Howdy.  My name is Eric Hauter, and I am a dad with a ton of kids.  During my non-existent spare time, I like to play a wide variety of games, including JRPGs, strategy and action games (with the occasional trip into the black hole of MMOs). I am intrigued by the prospect of cloud gaming, and am often found poking around the cloud various platforms looking for fun and interesting stories.  I was an early adopter of PSVR (I had one delivered on release day), and I’ve enjoyed trying out the variety of games that have released since day one. I've since added an Oculus Quest 2 and PS VR2 to my headset collection.  I’m intrigued by the possibilities presented by VR multi-player, and I try almost every multi-player game that gets released.

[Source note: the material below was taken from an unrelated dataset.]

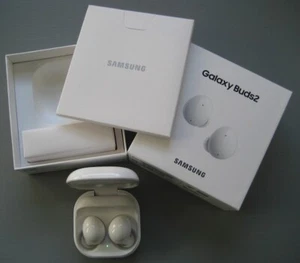Samsung Galaxy Buds2 Bluetooth In-Ear Headset - White (Fairly Used) - Photo 1 sur 6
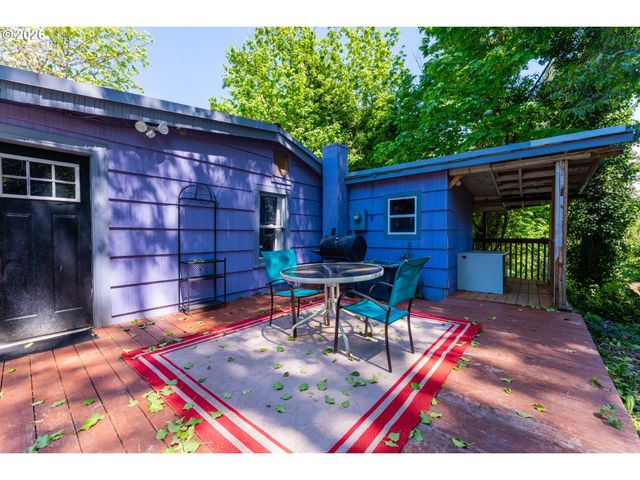 2700 UNDERHILL Ln, West Linn, OR 97068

My first system was a Commodore 64, and I’ve owned countless systems since then.  I was a manager at a toy store for the release of PS1, PS2, N64 and Dreamcast, so my nostalgia that era of gaming runs pretty deep.  Currently, I play on Xbox Series X, Series S, PS5, PS4, PS VR2, Quest 2, Switch, Luna, GeForce Now, (RIP Stadia) and a super sweet gaming PC built by John Yan.  While I lean towards Sony products, I don’t have any brand loyalty, and am perfectly willing to play game on other systems.

When I’m not playing games or wrangling my gaggle of children, I enjoy watching horror movies and doing all the other geeky activities one might expect. I also co-host the Chronologically Podcast, where we review every film from various filmmakers in order, which you can find wherever you get your podcasts.